Not only has the pharmaceutical industry lost status with other business leaders, it is under attack. In books by novelist John le Carré, journalist Merrill Goozner, and doctor Marcia Angell. In the stance of New York attorney-general Eliot Spitzer and film maker Michael Moore, as well as Food and Drug Administration officials, anti-globalisation protesters and senior citizens.

George Merck, Mr Gilmartin's predecessor, understood the implicit deal between the industry and the public when he said: "We try never to forget that medicine is for the people. It is not for the profits. The profits follow, and if we have remembered that, they have never failed to appear." And for decades the formula worked well: the industry produced a stream of new drugs and received a stream of dollars in return.

But these sentiments were out of fashion in the 1990s. Financial markets required corporate action and double-digit growth in earnings per share. So the companies spent the money the public had given them for research on buying each other. They raised the market prices of successful drugs. They hired representatives to promote their products. They focused on imitative versions of established therapies at the expense of genuine innovation.

Keeping treatment out of the reach of terminally ill patients in southern Africa is bad public relations. Companies that derive their revenues from governments and the sick must take special care with their pricing. Selective dissemination of research results undermines trust. It is surprising that generous remuneration for senior executives failed to attract people with the acumen to see these consequences. Or, perhaps, motivated by share options, they did not care.

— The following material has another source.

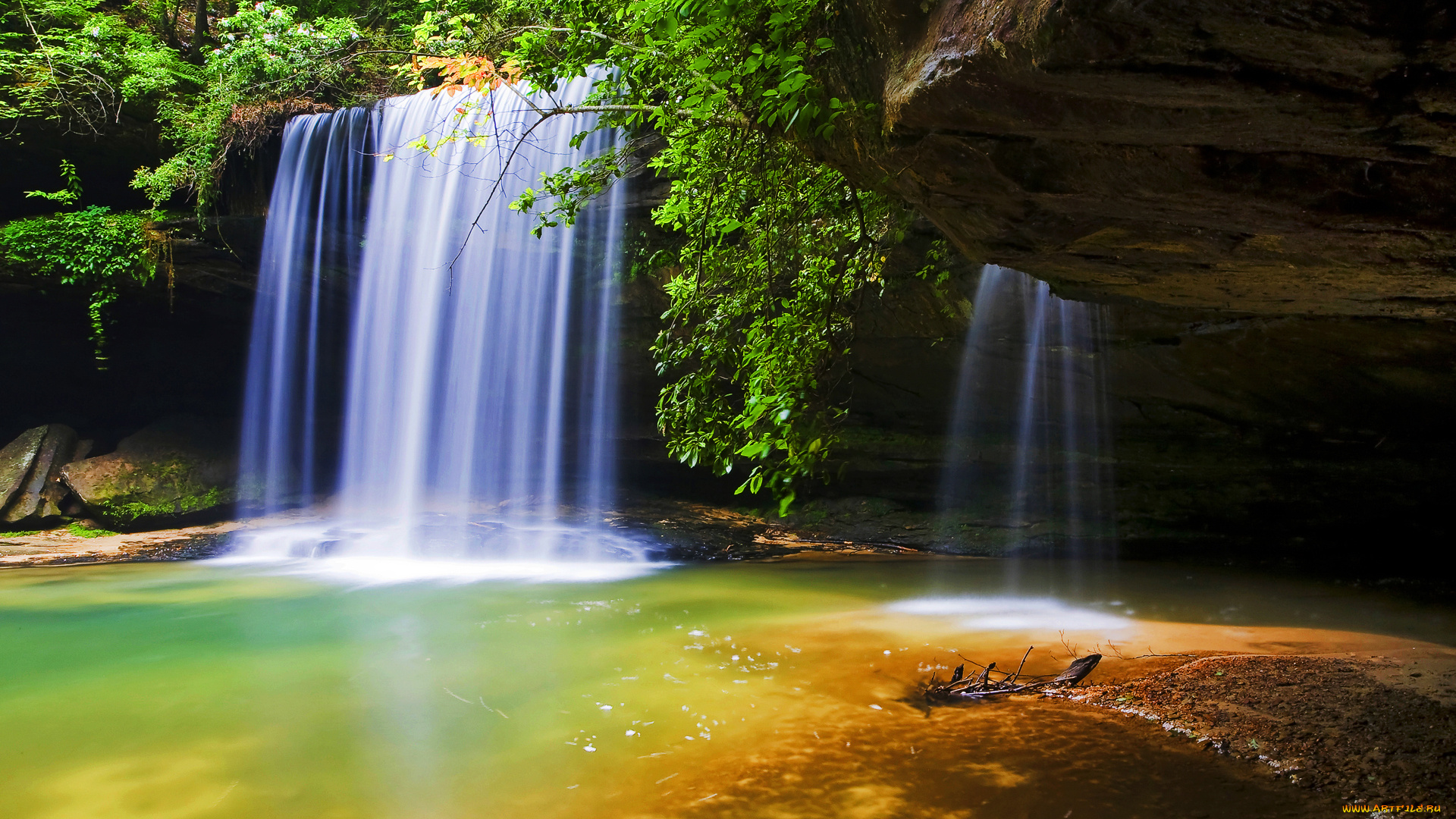 beautiful, falls, природа, водопады, скалы, река, водопад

The pharmaceutical industry, more than most, does rely on exceptional talent, but these gifted people are in laboratories, not boardrooms. And while they were once content to work in large drug companies for modest salaries, they are now able to attract venture capital for their own show.

Tougher regulation might restore confidence in the industry but the companies have sought to undermine regulation by political action. Drug company lobbyists have won some victories. But members of Congress ultimately need the votes of senior citizens even more than campaign finance. Healthcare reform is not an issue that will go away.

The funding and technology of healthcare is now likely to develop in ways that marginalise the giants. Today, one dollar is retained in profit and one spent on marketing for every dollar that goes to research. You need to be very confident of the quality of the research dollar for the equation to represent value for money. And that confidence has largely evaporated.

The old model worked best for traditional blockbusters, products that relieved but did not cure the chronic illnesses of the affluent, such as hypertension, depression and flagging virility. Future drugs will be targeted more at individuals and at rarer conditions, cocktails of treatments will take the place of single therapies. Perhaps, also, the west will recognise that simple drugs for debilitating illnesses are among the most effective forms of foreign aid. All these developments suit the public and philanthropic funding of basic research, with incremental innovation and peer review, better than proprietary programmes directed at mass-market drugs of big pharmaceutical companies. Their fat market capitalisations reflect their past achievements and present profits, but not their future prospects.